- _Problem description_
Starting with the line that holds "CROCS Schuhe Wildleder", repeat each line through the last one below, exactly. Pictures stay out.

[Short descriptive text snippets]

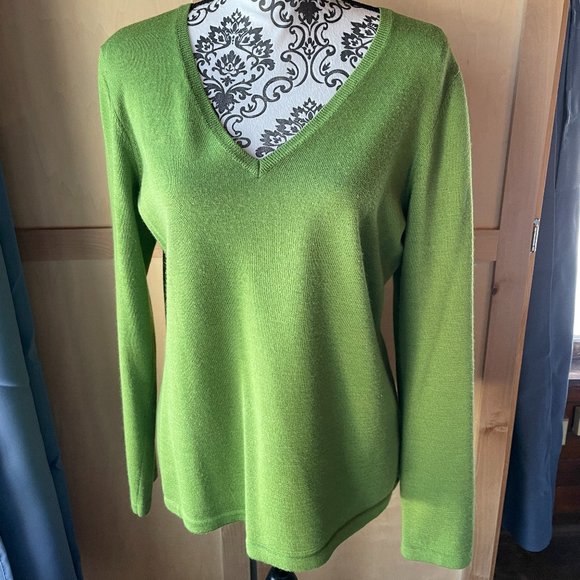 Ann Taylor Sweaters - Ann Taylor Merino-blend Green Sweater, Size L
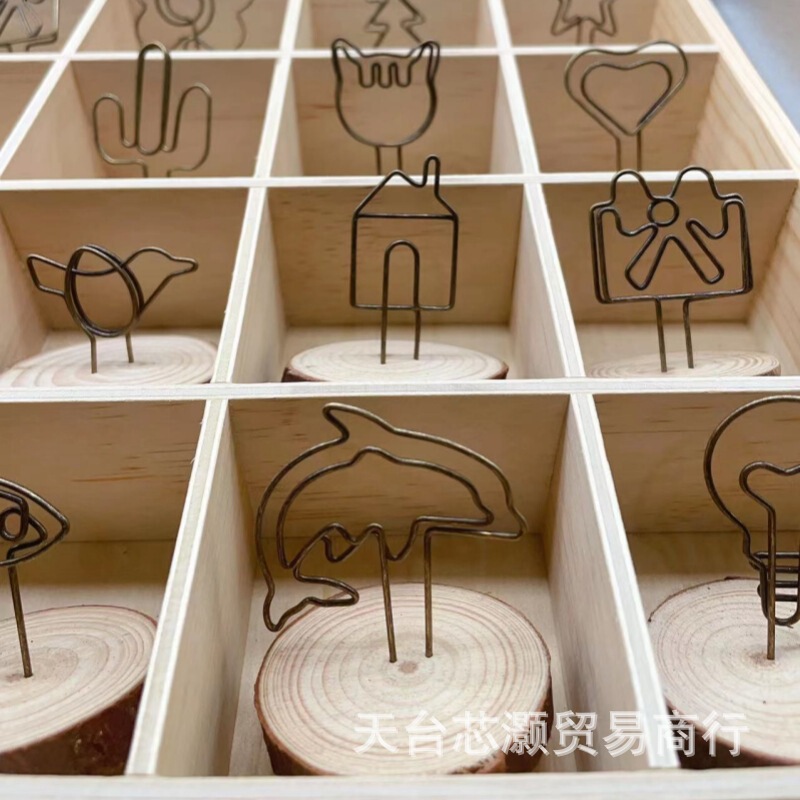 Creative wooden note holder wooden plank base business card holder vintage log photo message holder desktop decoration wholesale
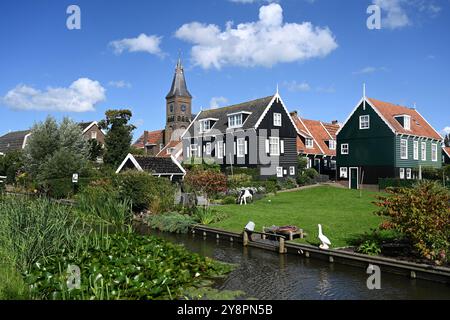 Marken, Niederlande - 25. August 2024: Marken ist ein Dorf in der Region Waterland und Zaan in Nordholland, Niederlande auf einer Halbinsel in der IJsselme Stockfoto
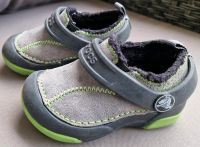 CROCS Schuhe Wildleder grau grün Gr. C5 (20 / 21) Nordrhein-Westfalen - Heiligenhaus Vorschau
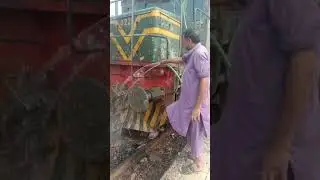Washing a Locomotive After Cow Hit || Cow hit by train #locopilot #highspeedtrains #railway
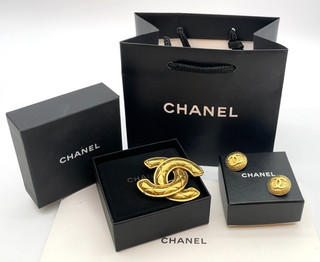 Auth Chanel Large Coco Matobo brooch 33.7g & Earrings 95P W/Box SK040314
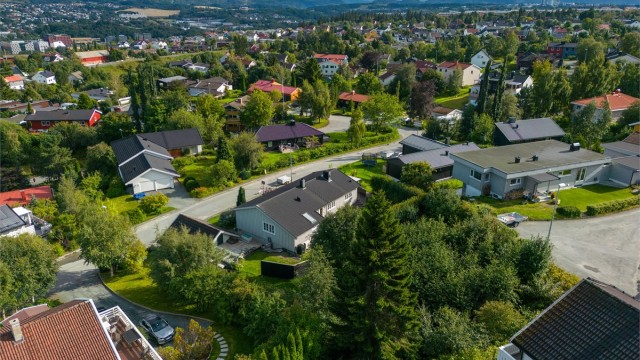 Fra tomta kan du velge mellom flere dagligvarebutikker, blant annet Coop Prix Rognheim og Rema 1000 Havstein. Med kort vei til Byåsen Butikksenter og City syd, har du nærhet til alt du trenger og mer til.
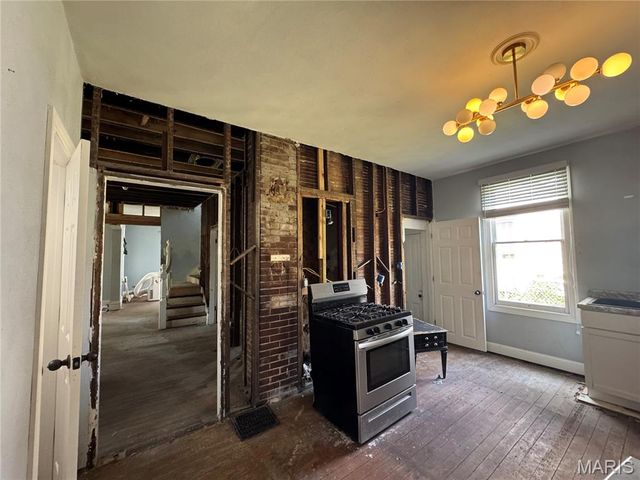 407 Portland Avenue, Belleville, IL 62220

- _Written response_
 CROCS Schuhe Wildleder grau grün Gr. C5 (20 / 21) Nordrhein-Westfalen - Heiligenhaus Vorschau
Washing a Locomotive After Cow Hit || Cow hit by train #locopilot #highspeedtrains #railway
 Auth Chanel Large Coco Matobo brooch 33.7g & Earrings 95P W/Box SK040314
 Fra tomta kan du velge mellom flere dagligvarebutikker, blant annet Coop Prix Rognheim og Rema 1000 Havstein. Med kort vei til Byåsen Butikksenter og City syd, har du nærhet til alt du trenger og mer til.
 407 Portland Avenue, Belleville, IL 62220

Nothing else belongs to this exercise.